[Exercise]: Output each line of the data below exactly, omitting any image.

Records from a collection
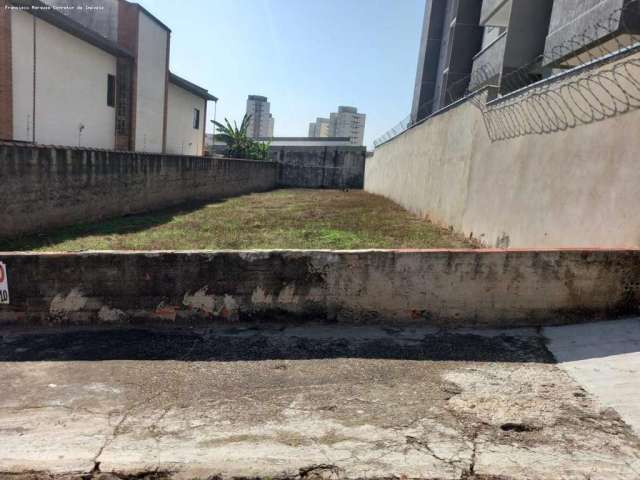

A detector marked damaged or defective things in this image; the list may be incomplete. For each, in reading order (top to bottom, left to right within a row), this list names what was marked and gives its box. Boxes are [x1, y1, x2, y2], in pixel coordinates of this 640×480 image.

cracked concrete sidewalk [0, 318, 636, 480]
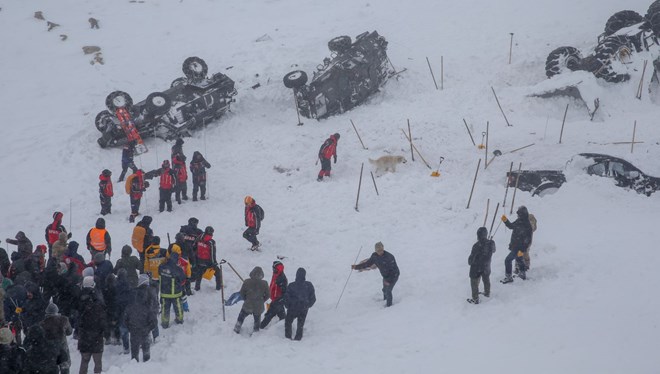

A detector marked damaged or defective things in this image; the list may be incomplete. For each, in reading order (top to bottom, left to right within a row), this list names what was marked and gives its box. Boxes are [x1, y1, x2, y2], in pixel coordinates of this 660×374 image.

damaged suv [94, 57, 235, 148]
overturned vehicle [94, 57, 236, 148]
overturned vehicle [282, 31, 394, 121]
damaged suv [282, 31, 394, 121]
overturned vehicle [528, 1, 660, 117]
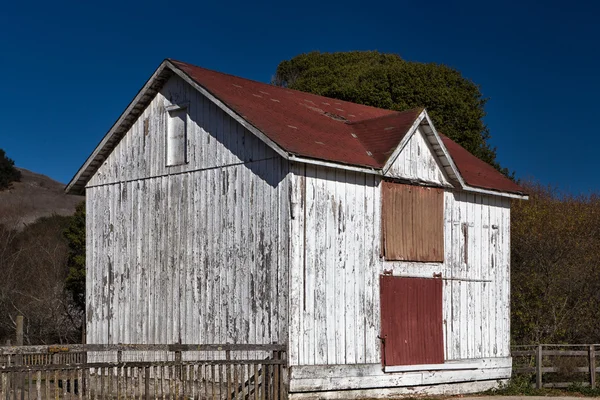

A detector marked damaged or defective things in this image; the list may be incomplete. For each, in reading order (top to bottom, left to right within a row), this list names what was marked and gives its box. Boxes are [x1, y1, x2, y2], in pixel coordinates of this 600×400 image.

rusty red roof [171, 59, 524, 195]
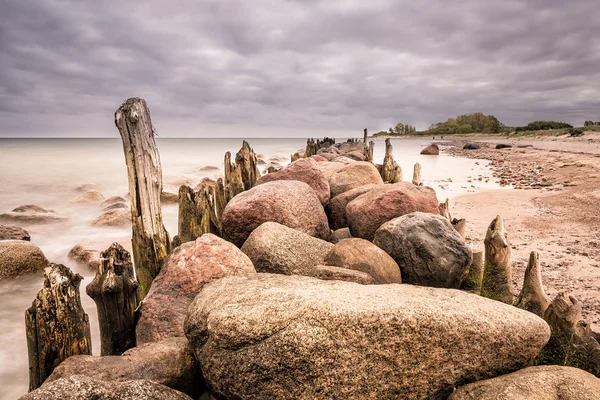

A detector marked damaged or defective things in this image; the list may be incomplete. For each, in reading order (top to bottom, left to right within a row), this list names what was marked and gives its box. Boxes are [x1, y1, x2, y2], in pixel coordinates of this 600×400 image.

broken wooden post [115, 97, 171, 300]
broken wooden post [176, 184, 202, 244]
broken wooden post [236, 141, 258, 191]
broken wooden post [382, 138, 400, 181]
broken wooden post [25, 262, 91, 390]
broken wooden post [86, 244, 139, 356]
broken wooden post [462, 250, 486, 294]
broken wooden post [480, 216, 512, 304]
broken wooden post [512, 252, 552, 318]
broken wooden post [540, 290, 600, 376]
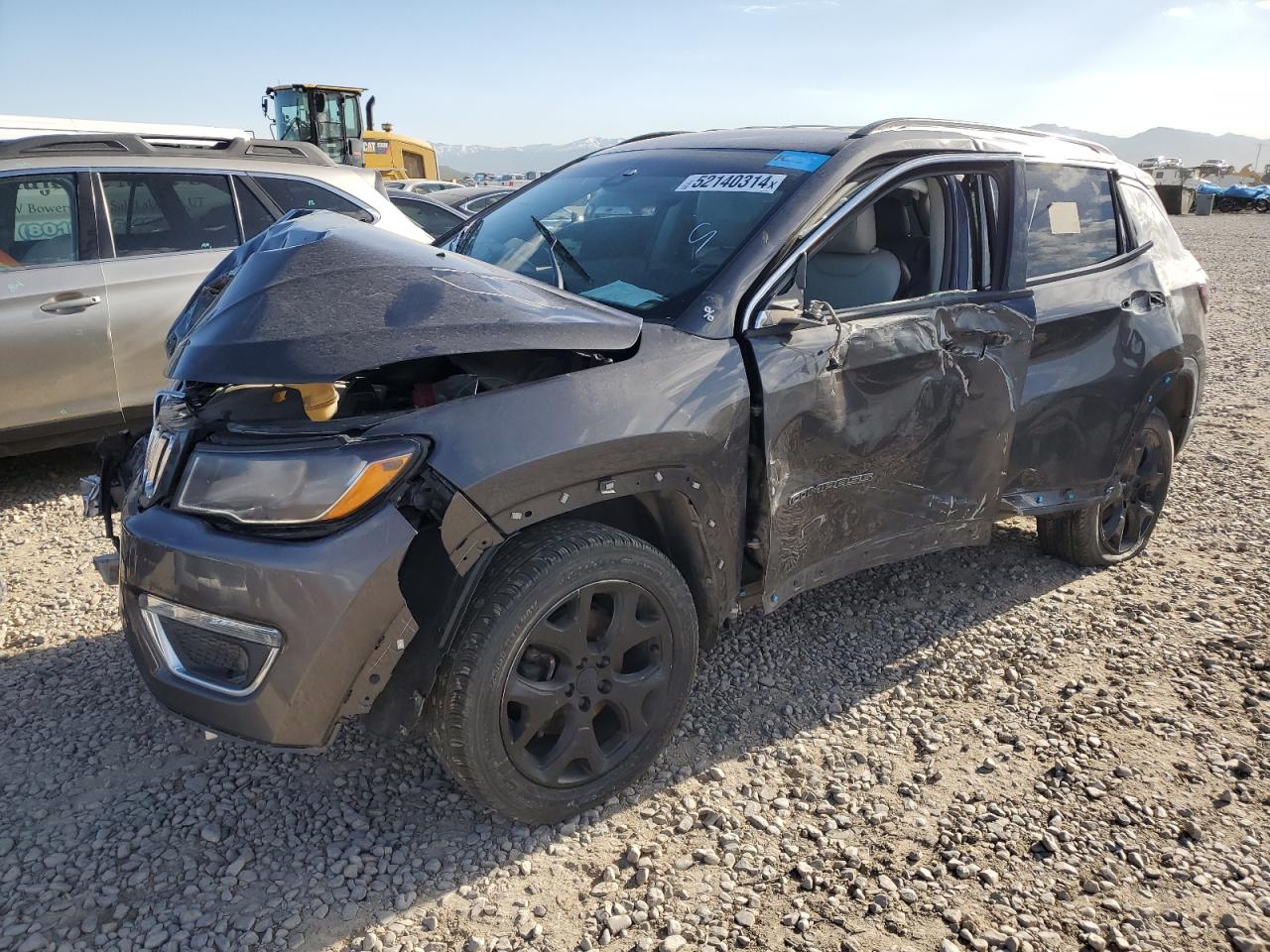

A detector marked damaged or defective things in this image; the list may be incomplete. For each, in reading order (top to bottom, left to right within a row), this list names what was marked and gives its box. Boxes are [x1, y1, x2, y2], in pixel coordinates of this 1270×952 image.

crumpled hood [166, 211, 645, 383]
damaged gray suv [91, 117, 1208, 822]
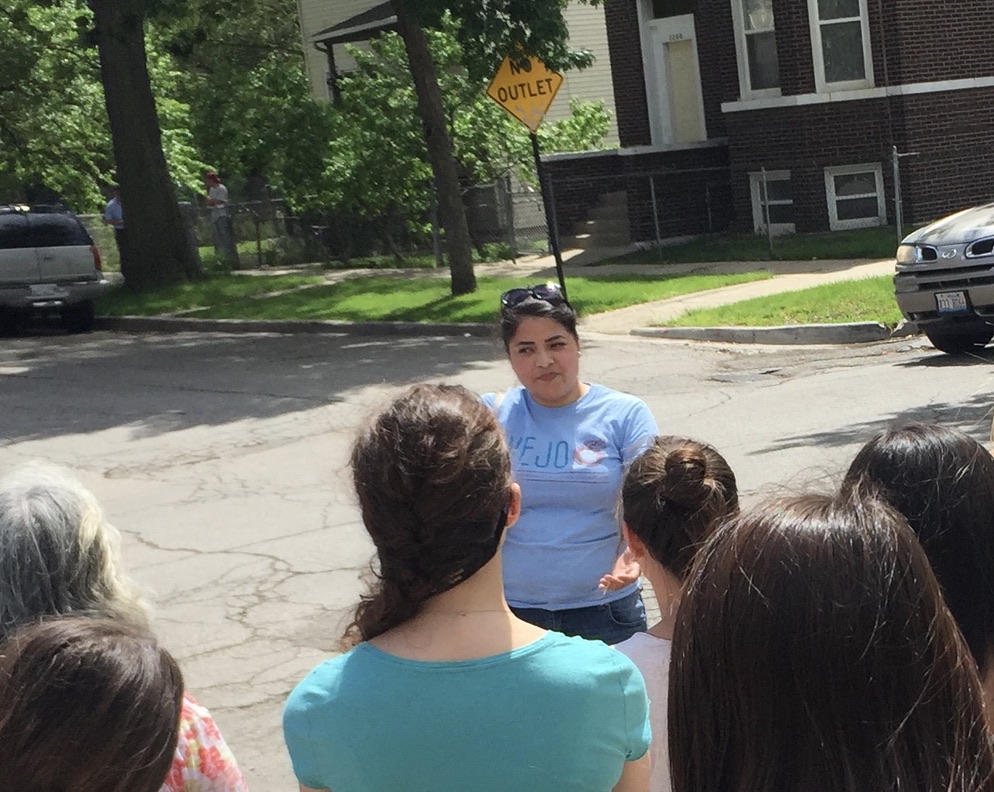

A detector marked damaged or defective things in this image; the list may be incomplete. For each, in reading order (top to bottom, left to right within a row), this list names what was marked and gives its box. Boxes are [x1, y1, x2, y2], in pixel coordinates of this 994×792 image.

[Solution to this exercise]:
A detector marked damaged or defective things in this image; the list may be incomplete. For each, in reading order (top to bottom, left to right within a row), this list names what was marked and gives its box. Boxes are [x1, y1, x2, y2], in pixel coordinates of this 640×480 image.

cracked concrete sidewalk [0, 318, 636, 480]

A detector marked damaged or defective things in this image; the list may be incomplete. For each, in reading order (top to bottom, left to right within a row), this list names what was marked and gives its box. Boxes are [x1, y1, x2, y2], in pixel coordinates of this 660×374 image.

damaged suv [94, 57, 235, 148]
overturned vehicle [94, 57, 236, 148]
overturned vehicle [282, 31, 394, 121]
damaged suv [282, 31, 394, 121]
overturned vehicle [528, 1, 660, 117]

A detector marked damaged or defective things in this image; the list may be incomplete. For each, in reading order (top to bottom, left to right within a row), this list names what was marked and gives its box. Boxes are [x1, y1, x2, y2], in pixel coordinates of this 600×400 image.

rusty red roof [171, 59, 524, 195]

A detector marked damaged or defective things in this image; the list may be incomplete. For each, in reading order (top to bottom, left to right within a row), this list names what was marked and gives its box. Boxes are [x1, y1, x2, y2], in pixel coordinates of this 600×400 image.

broken wooden post [115, 97, 171, 300]
broken wooden post [176, 184, 202, 244]
broken wooden post [236, 141, 258, 191]
broken wooden post [382, 138, 400, 181]
broken wooden post [25, 262, 91, 390]
broken wooden post [86, 244, 139, 356]
broken wooden post [462, 250, 486, 294]
broken wooden post [480, 216, 512, 304]
broken wooden post [512, 252, 552, 318]
broken wooden post [540, 290, 600, 376]

A detector marked damaged or defective things in this image; the list may be incomplete. For each, in reading order (top to bottom, left to right within a row), this list names what was marked and gives its box. Boxes are [x1, y1, x2, y2], in pixel coordinates of this 1270×952 image.

crumpled hood [166, 211, 645, 383]
damaged gray suv [91, 117, 1208, 822]

A detector marked damaged or defective things in this image; the list may be incomplete. For each, in reading order (top to bottom, left to right within a row), this list names what was marked and gives its box. Boxes are [x1, y1, x2, y2], in pixel coordinates of this 994×792 image.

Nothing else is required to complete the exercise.